==== Data to use ====

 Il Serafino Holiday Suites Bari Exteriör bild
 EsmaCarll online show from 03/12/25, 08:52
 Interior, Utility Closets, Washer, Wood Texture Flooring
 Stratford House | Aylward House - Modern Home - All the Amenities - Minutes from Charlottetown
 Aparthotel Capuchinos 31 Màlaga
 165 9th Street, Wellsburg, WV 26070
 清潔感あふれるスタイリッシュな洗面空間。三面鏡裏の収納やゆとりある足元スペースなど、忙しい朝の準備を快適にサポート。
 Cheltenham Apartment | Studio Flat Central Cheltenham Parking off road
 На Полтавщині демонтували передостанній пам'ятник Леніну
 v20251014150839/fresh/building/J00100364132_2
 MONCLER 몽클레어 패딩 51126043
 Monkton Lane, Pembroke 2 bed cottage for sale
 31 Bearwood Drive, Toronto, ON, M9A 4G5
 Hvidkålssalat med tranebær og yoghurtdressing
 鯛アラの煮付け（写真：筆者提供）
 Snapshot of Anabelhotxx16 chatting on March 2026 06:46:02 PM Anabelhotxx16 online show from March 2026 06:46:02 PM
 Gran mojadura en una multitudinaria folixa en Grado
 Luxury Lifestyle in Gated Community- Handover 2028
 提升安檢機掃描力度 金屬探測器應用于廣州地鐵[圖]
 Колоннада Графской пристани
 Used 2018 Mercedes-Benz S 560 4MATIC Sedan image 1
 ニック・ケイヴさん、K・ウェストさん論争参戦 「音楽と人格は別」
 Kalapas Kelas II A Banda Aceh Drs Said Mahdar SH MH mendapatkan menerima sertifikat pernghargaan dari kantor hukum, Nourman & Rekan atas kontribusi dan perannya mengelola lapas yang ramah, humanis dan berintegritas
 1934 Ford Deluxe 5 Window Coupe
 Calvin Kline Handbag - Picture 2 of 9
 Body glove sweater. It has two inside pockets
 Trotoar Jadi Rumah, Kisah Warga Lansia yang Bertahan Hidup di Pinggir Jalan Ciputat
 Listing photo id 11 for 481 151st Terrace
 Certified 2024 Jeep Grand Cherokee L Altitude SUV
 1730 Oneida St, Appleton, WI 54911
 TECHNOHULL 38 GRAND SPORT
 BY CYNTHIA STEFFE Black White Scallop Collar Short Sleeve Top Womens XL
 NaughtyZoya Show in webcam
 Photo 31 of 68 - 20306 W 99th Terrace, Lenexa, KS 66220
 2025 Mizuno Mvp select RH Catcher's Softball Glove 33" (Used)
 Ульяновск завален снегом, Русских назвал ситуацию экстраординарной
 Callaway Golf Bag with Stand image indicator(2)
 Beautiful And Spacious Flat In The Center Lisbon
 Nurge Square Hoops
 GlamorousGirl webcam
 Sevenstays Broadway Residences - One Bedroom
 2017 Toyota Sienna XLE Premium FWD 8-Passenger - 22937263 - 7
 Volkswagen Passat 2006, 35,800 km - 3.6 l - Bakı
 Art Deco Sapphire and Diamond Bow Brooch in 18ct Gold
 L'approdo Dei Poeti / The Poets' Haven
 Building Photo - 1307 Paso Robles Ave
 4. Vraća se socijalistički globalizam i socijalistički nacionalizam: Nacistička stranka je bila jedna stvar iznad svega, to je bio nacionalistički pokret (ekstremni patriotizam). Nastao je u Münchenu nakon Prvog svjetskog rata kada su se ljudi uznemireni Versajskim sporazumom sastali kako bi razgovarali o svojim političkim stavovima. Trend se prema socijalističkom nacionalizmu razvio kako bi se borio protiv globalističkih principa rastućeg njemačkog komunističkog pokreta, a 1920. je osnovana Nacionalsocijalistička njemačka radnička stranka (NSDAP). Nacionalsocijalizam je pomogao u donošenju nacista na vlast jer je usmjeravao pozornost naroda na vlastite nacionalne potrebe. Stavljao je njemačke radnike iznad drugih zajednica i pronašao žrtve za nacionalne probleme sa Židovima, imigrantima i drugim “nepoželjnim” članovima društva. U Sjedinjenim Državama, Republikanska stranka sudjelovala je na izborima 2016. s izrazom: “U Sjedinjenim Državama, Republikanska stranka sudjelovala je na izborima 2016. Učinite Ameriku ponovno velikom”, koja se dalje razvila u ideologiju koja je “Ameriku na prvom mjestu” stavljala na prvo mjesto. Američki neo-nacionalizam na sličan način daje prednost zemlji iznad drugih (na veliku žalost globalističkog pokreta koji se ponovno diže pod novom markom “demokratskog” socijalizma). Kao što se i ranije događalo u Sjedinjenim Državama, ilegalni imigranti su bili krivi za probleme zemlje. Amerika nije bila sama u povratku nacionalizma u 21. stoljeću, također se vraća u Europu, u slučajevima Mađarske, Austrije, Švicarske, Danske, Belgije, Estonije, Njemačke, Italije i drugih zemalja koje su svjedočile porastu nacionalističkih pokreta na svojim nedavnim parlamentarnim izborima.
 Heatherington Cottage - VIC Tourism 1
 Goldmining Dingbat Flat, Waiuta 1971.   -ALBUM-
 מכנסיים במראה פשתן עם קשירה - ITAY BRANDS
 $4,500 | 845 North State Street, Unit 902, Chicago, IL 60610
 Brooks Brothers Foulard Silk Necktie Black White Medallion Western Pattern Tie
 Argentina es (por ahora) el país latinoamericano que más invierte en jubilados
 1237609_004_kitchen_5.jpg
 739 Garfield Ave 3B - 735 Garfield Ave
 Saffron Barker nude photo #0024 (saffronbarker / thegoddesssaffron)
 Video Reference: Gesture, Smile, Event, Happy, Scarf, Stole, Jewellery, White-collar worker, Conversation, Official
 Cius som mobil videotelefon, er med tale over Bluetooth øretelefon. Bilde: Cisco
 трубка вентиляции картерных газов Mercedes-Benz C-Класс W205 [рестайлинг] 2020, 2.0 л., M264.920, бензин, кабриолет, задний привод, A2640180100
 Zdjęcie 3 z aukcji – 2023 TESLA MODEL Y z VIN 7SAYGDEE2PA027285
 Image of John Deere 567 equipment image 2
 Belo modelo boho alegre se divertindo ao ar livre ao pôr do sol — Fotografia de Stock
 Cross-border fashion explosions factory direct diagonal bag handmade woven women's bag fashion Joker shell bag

====

Task details
All lines containing "Benz" in the material above should appear in your reply, copied exactly.

Solution
 Used 2018 Mercedes-Benz S 560 4MATIC Sedan image 1
 трубка вентиляции картерных газов Mercedes-Benz C-Класс W205 [рестайлинг] 2020, 2.0 л., M264.920, бензин, кабриолет, задний привод, A2640180100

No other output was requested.